Mir

Severe graphical corruption (mostly horizontal streaks/lines) running software clients (including Xmir) on android

Bug #1406725 reported by Daniel van Vugt
22
This bug affects 3 people
Affects Status Importance Assigned to Milestone
Canonical Pocket Desktop
Fix Released
Critical
kevin gunn
Mir
Fix Released
Critical
Kevin DuBois
mir (Ubuntu)
Fix Released
Undecided
Unassigned
xorg-server (Ubuntu)
Invalid
Critical
Unassigned

Bug Description

I'm seeing severe graphical corruption running mir_demo_client_flicker on mako.

Start a few instances of the client (or just one flicker and some other clients) and you'll see the mir_demo_client_flicker window contains significant corruption.

I don't think it's an overlays issue.

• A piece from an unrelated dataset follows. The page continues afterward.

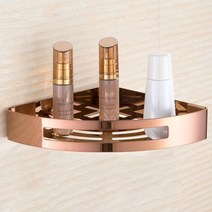 [624CONTAINER]델라 욕실코너선반포장훼손 반품불가, ★옵션확인必블랙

The problem occurs even without overlays.

Tags: xmir android

Related branches

tags: added: nexus4
Revision history for this message
Daniel van Vugt (vanvugt) wrote : Re: Severe graphical corruption running software clients on android

This bug is now hurting Xmir on phones.

summary: - Severe graphical corruption running mir_demo_client_flicker on mako
+ Severe graphical corruption running software clients on android
tags: added: android xmir
removed: mako nexus4
Changed in xorg-server (Ubuntu):
status: New → Triaged
importance: Undecided → High
Changed in mir:
importance: Medium → High
summary: - Severe graphical corruption running software clients on android
+ Severe graphical corruption running software clients (including Xmir) on
+ android
Revision history for this message
Daniel van Vugt (vanvugt) wrote : Re: Severe graphical corruption running software clients (including Xmir) on android

I recall Alberto fixed a corruption bug just like this using magic HWC flags on the affected buffer. Not sure where that change went or if we still have it.

Revision history for this message
Daniel van Vugt (vanvugt) wrote :

Alberto's previous fix is here:

int mga::AndroidAllocAdaptor::convert_to_android_usage(BufferUsage usage)
{
    switch (usage)
    {
    case mga::BufferUsage::use_hardware:
        return (GRALLOC_USAGE_HW_TEXTURE | GRALLOC_USAGE_HW_RENDER);
    case mga::BufferUsage::use_framebuffer_gles:
        return (GRALLOC_USAGE_HW_RENDER | GRALLOC_USAGE_HW_COMPOSER | GRALLOC_USAGE_HW_FB);
    case mga::BufferUsage::use_software:
        return (GRALLOC_USAGE_SW_WRITE_OFTEN | GRALLOC_USAGE_SW_READ_OFTEN | GRALLOC_USAGE_HW_COMPOSER | GRALLOC_USAGE_HW_TEXTURE);
    default:
        return -1;
    }
}

Revision history for this message
Daniel van Vugt (vanvugt) wrote :

Is it safe to mix HW and SW flags?

Revision history for this message
Alberto Aguirre (albaguirre) wrote :

@Daniel,

Yeah, those flags are used by the implementations to know when they need to do cache coherency operations (flush, invalidate, etc).

In android, software buffers CAN be used as backing to textures for opengl and can be passed directly to Hardware Composer HAL (HW Composer), hence they are marked as such.

Revision history for this message
Daniel van Vugt (vanvugt) wrote :

I'm fairly confident the problem is entirely in Mir. Not in Xmir. Especially given it's easy to reproduce with mir-demos.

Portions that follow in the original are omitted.